### Exercise data
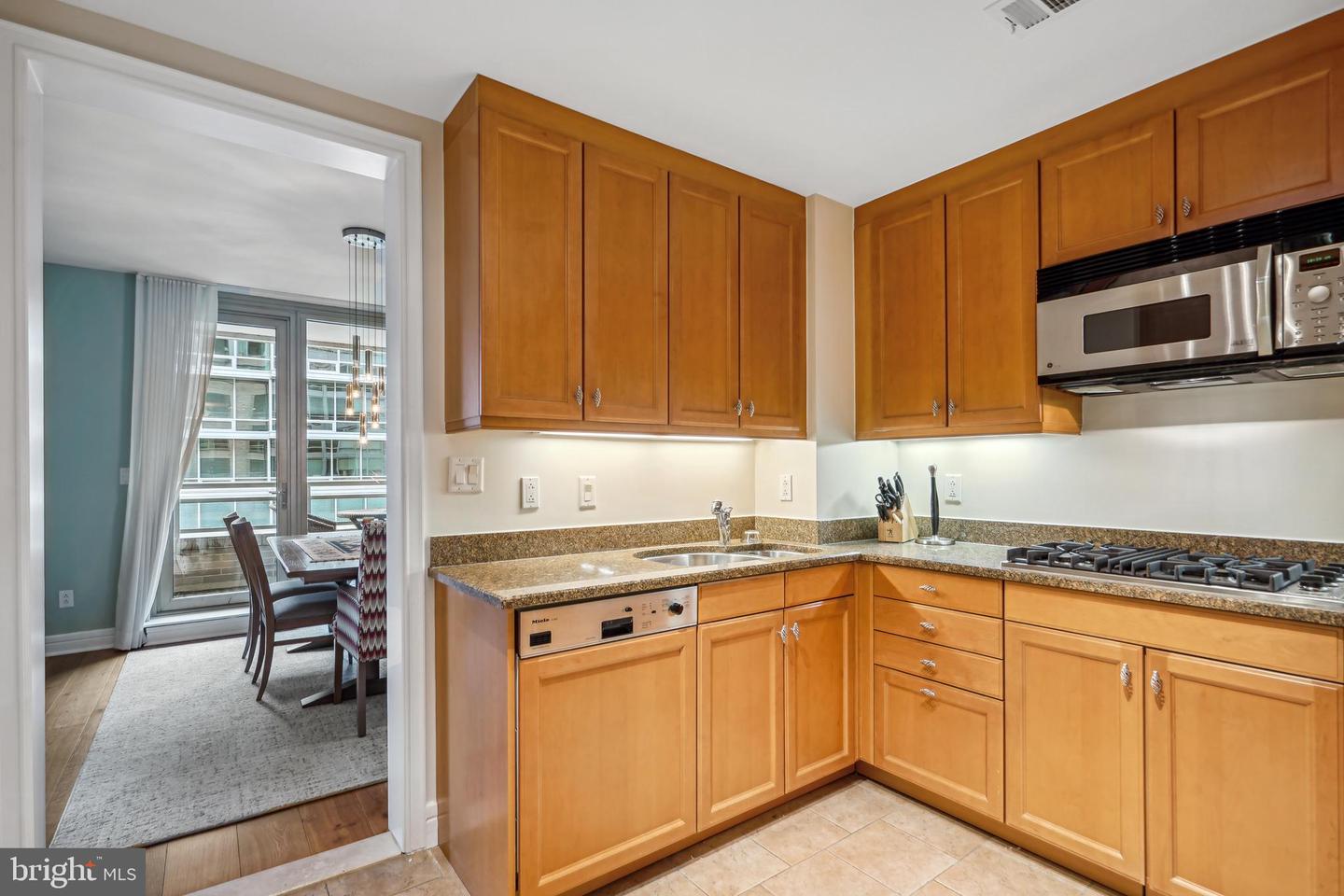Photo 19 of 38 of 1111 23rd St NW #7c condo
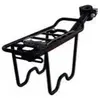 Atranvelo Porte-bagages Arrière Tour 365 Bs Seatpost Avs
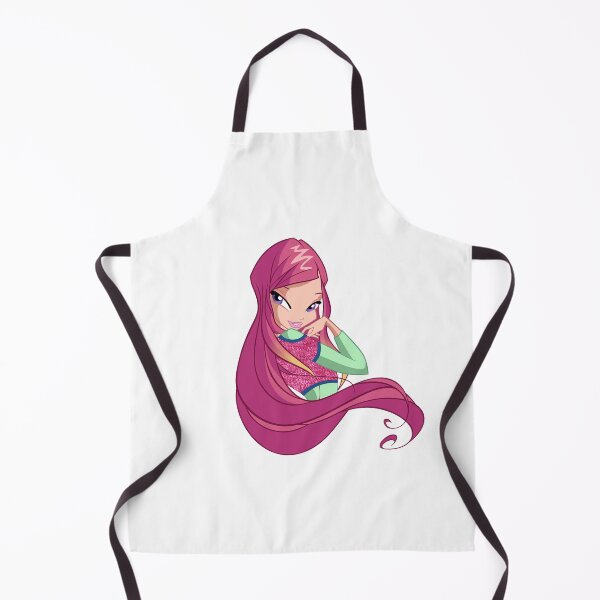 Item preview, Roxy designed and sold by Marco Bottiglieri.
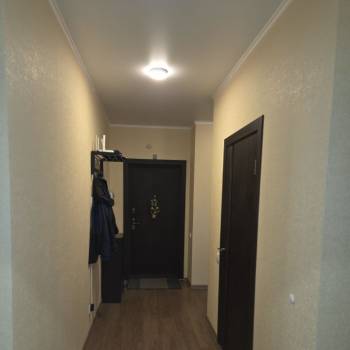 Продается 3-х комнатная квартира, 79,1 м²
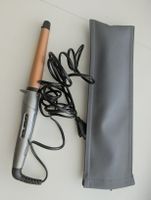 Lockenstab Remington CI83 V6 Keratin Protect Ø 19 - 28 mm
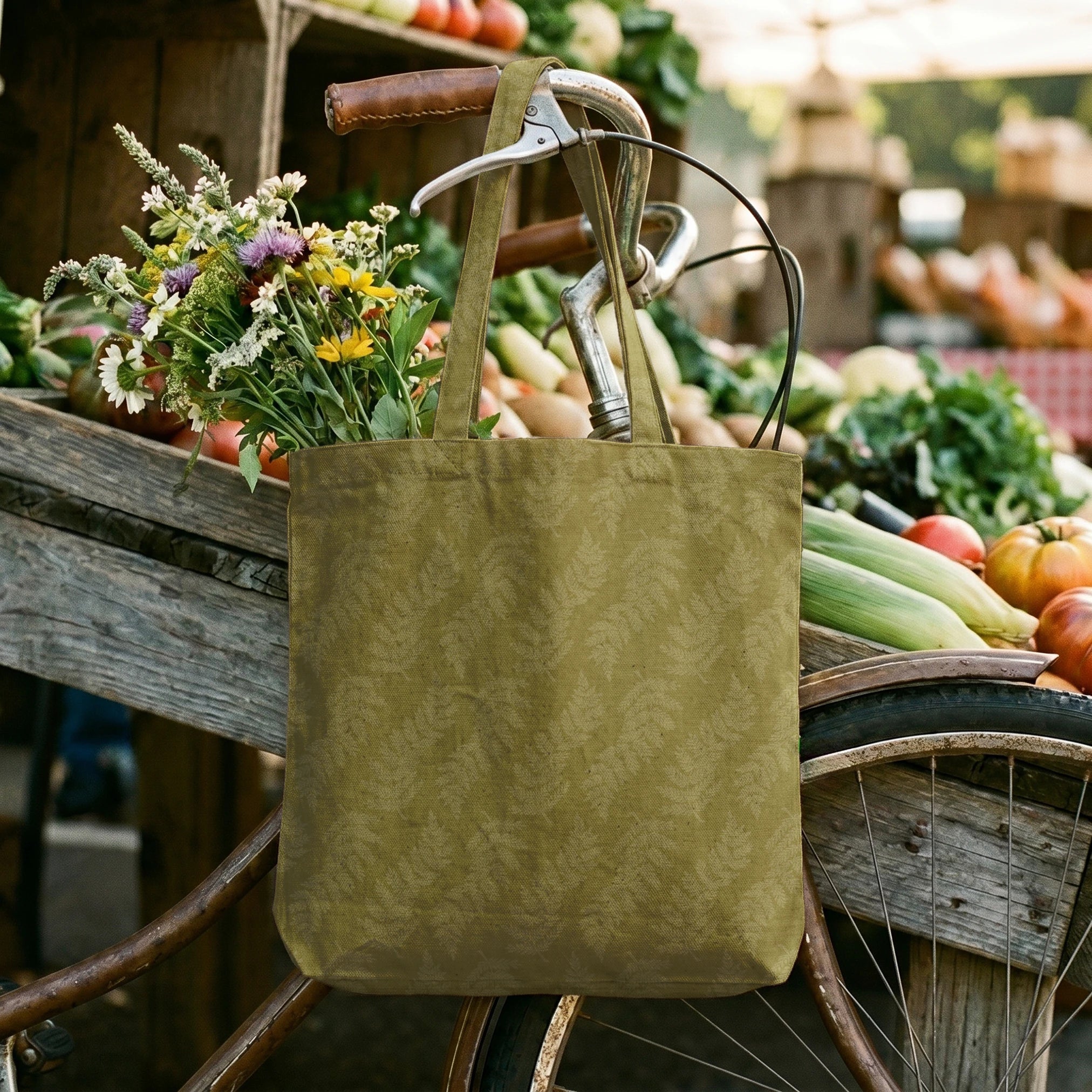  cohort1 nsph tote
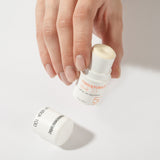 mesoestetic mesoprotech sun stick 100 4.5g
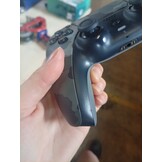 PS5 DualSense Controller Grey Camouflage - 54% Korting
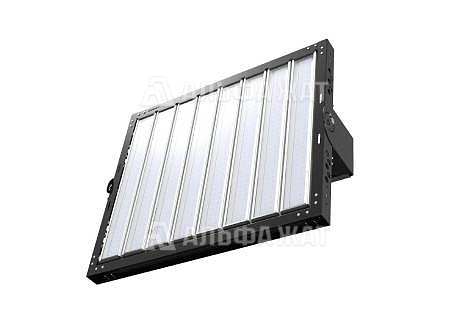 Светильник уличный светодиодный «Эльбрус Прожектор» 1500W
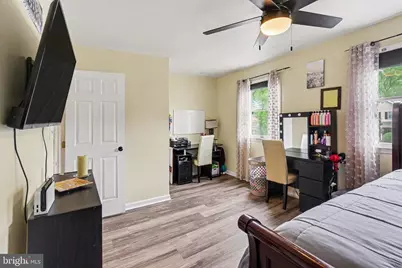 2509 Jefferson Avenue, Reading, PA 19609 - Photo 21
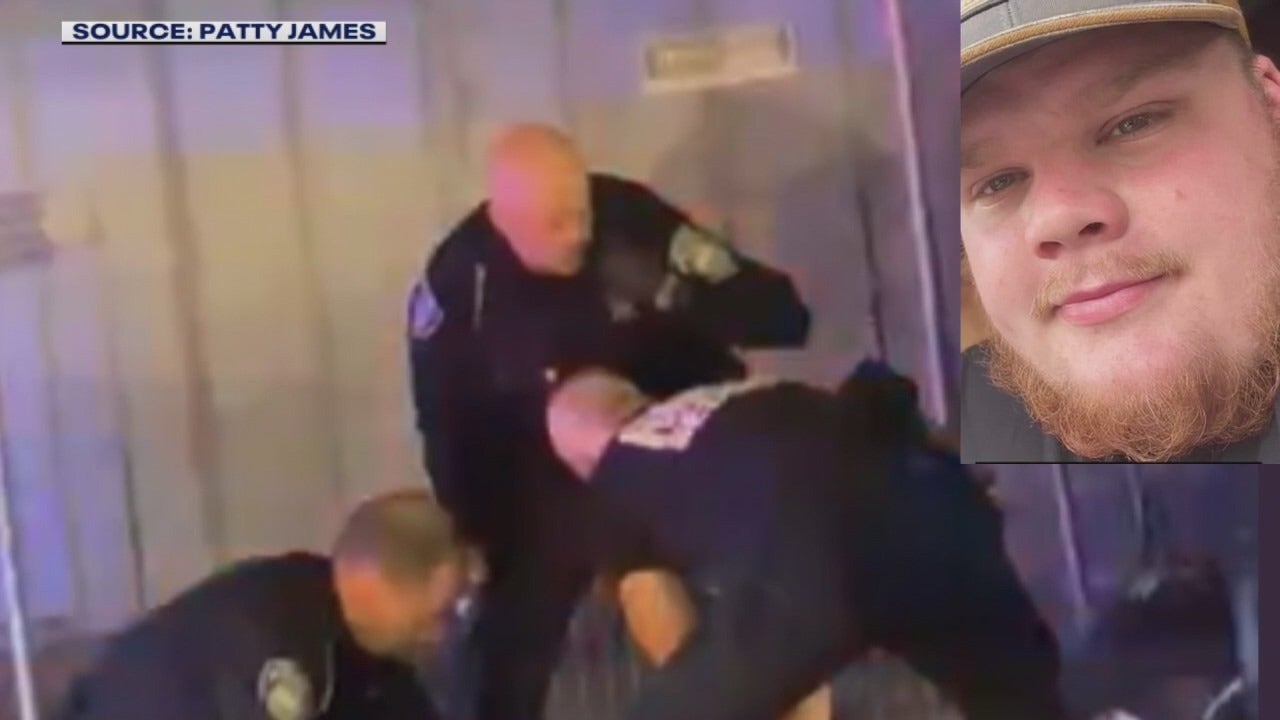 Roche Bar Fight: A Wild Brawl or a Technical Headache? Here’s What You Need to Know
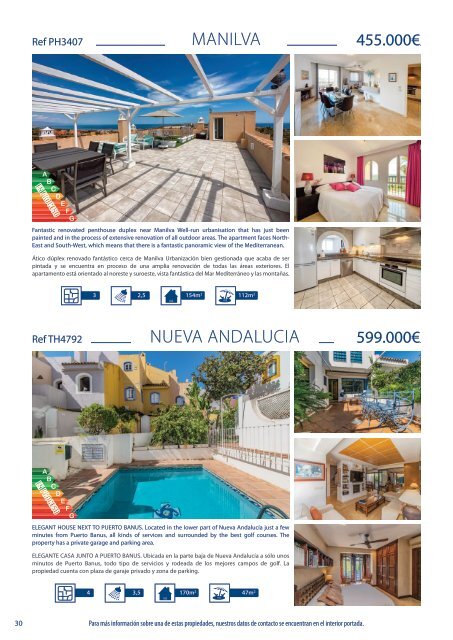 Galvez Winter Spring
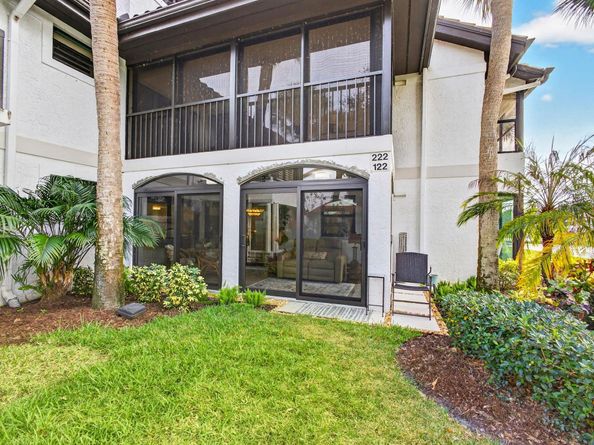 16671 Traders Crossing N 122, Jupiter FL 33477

### Work to be completed
An exact copy is needed of the lines from the start of the listing through the line with "cohort1 nsph tote", both end lines included and pictures excluded.

### Task solution
Photo 19 of 38 of 1111 23rd St NW #7c condo
 Atranvelo Porte-bagages Arrière Tour 365 Bs Seatpost Avs
 Item preview, Roxy designed and sold by Marco Bottiglieri.
 Продается 3-х комнатная квартира, 79,1 м²
 Lockenstab Remington CI83 V6 Keratin Protect Ø 19 - 28 mm
  cohort1 nsph tote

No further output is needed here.